== Source material ==
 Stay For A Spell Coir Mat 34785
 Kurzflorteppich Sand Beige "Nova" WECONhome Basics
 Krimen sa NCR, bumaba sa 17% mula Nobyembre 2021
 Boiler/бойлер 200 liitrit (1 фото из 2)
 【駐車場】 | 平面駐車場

* * *

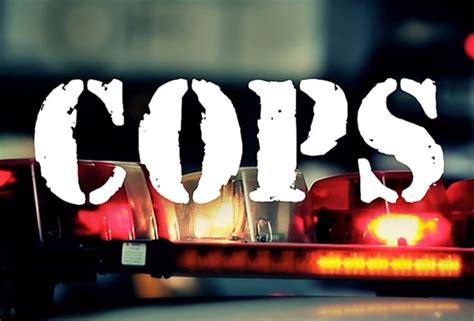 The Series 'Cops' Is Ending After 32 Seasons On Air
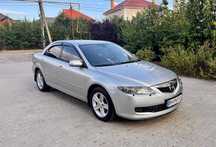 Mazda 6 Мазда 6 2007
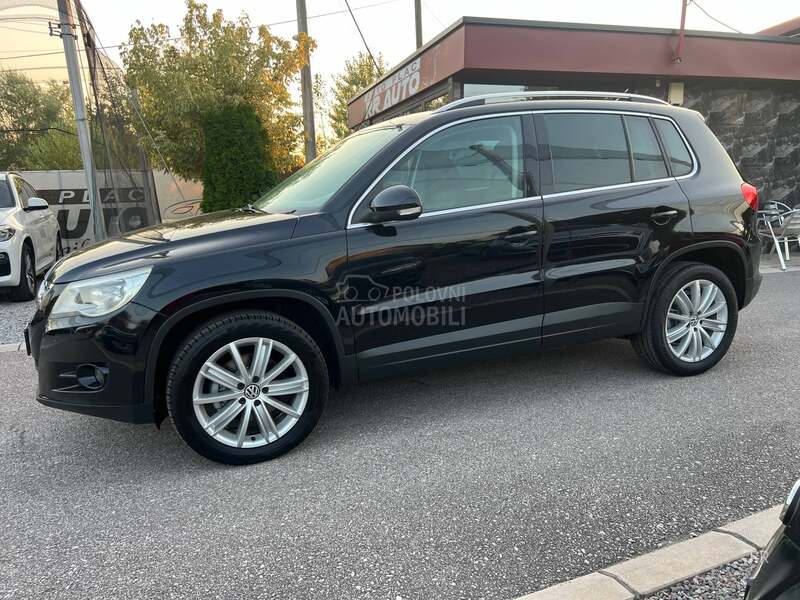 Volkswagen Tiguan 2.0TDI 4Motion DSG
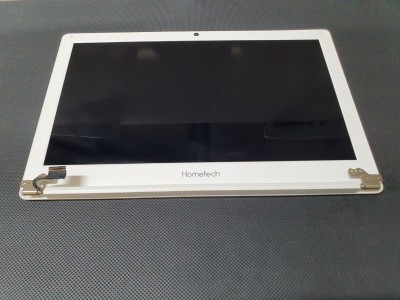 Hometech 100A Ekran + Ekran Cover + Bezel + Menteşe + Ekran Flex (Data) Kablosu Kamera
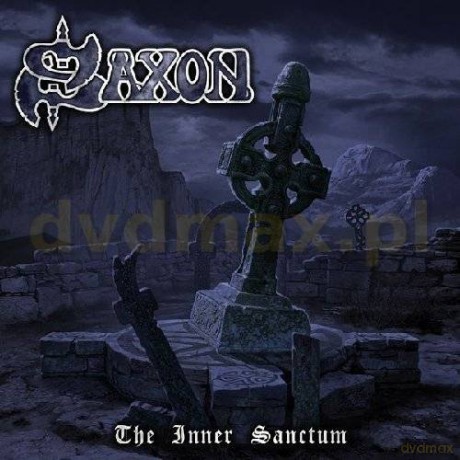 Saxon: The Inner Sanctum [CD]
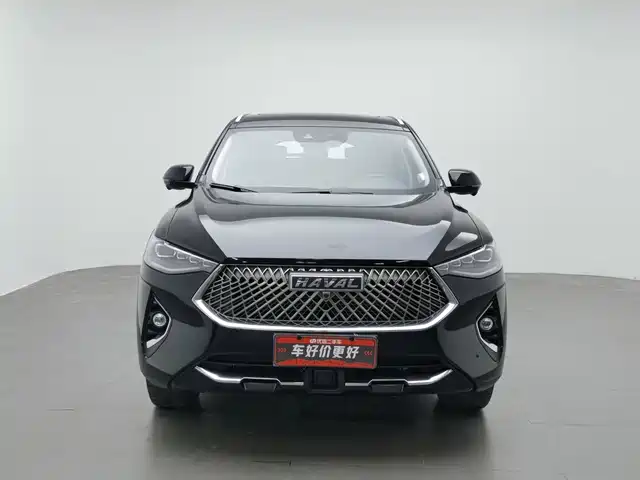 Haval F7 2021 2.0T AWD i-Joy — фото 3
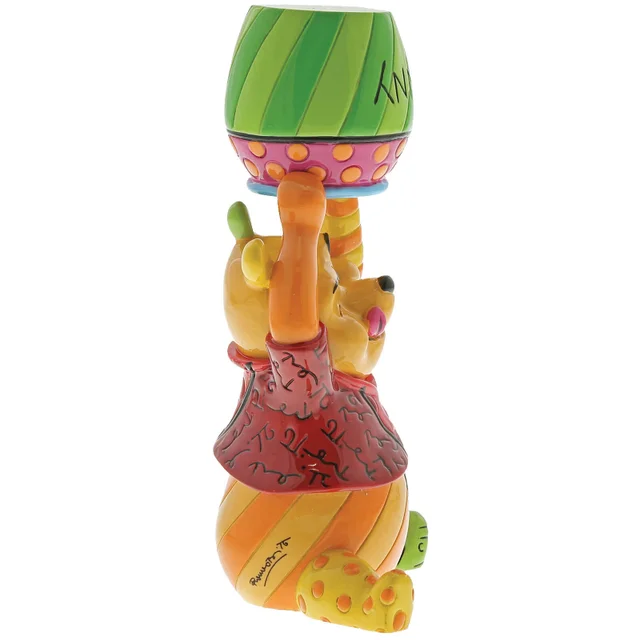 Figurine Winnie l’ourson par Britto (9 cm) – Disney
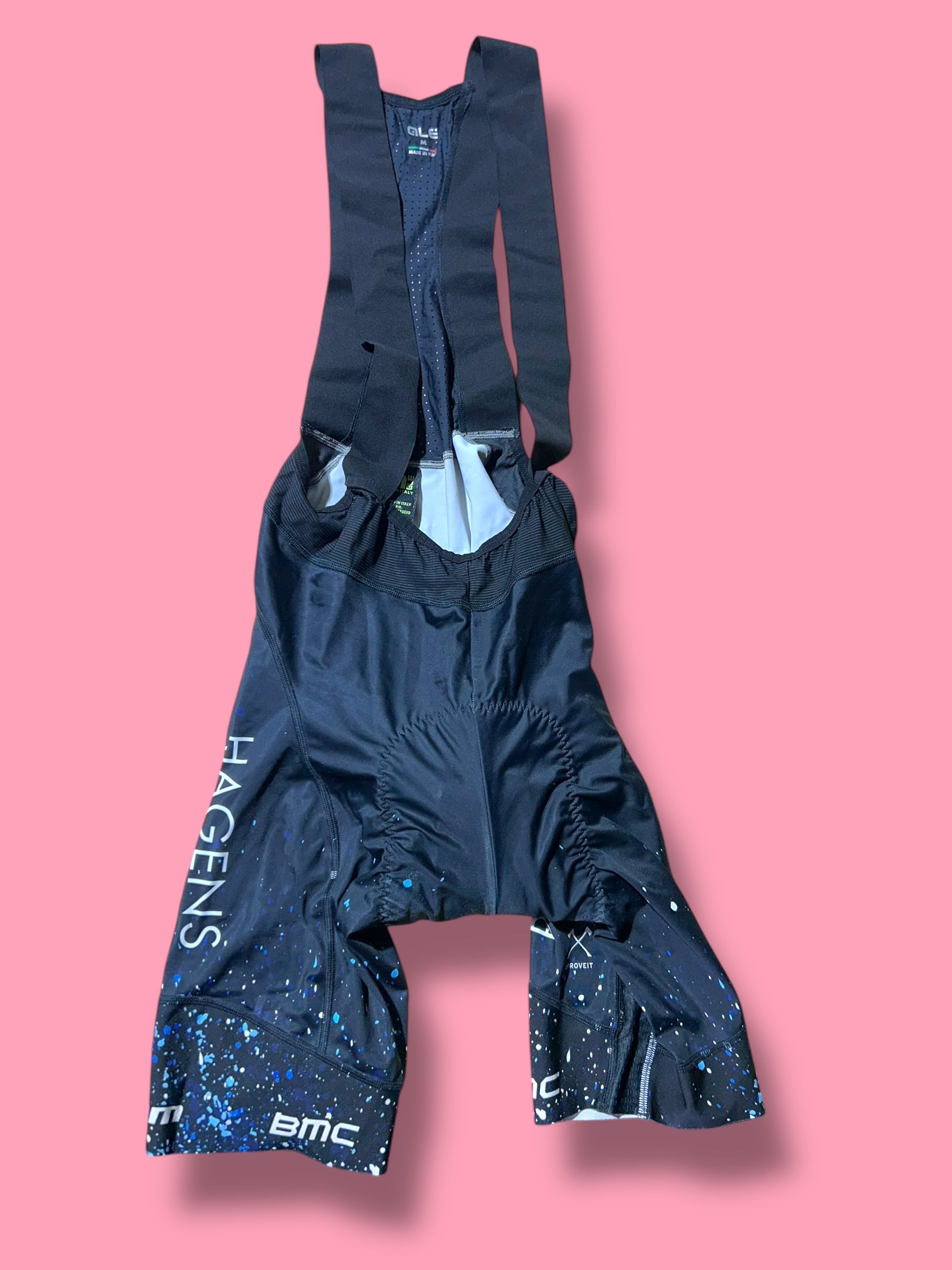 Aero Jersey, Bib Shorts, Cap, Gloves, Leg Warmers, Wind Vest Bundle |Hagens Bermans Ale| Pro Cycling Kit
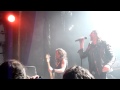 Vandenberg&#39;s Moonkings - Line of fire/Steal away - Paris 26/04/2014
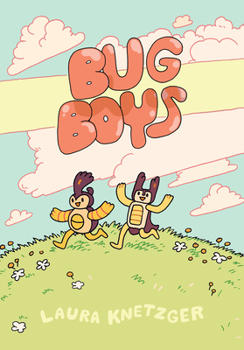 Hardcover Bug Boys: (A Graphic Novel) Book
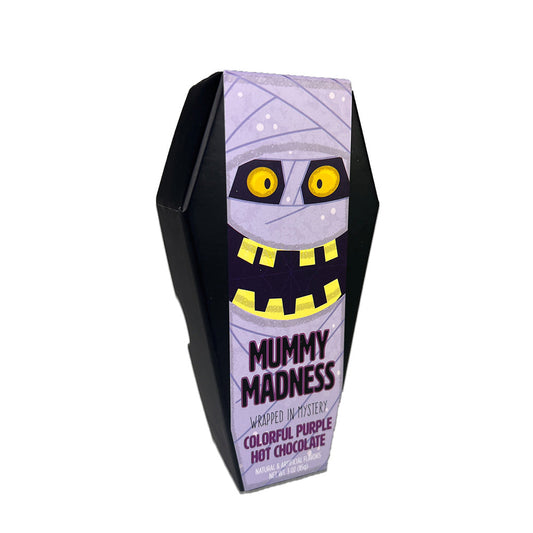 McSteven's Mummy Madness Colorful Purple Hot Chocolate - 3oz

== What to do ==
After locating "Figurine Winnie l’ourson" and "McSteven's Mummy Madness" in the records above, return exactly the line holding each one and every line between them; leave out the pictures.

== Your solution ==
 Figurine Winnie l’ourson par Britto (9 cm) – Disney
 Aero Jersey, Bib Shorts, Cap, Gloves, Leg Warmers, Wind Vest Bundle |Hagens Bermans Ale| Pro Cycling Kit
 Vandenberg&#39;s Moonkings - Line of fire/Steal away - Paris 26/04/2014
 Hardcover Bug Boys: (A Graphic Novel) Book
 McSteven's Mummy Madness Colorful Purple Hot Chocolate - 3oz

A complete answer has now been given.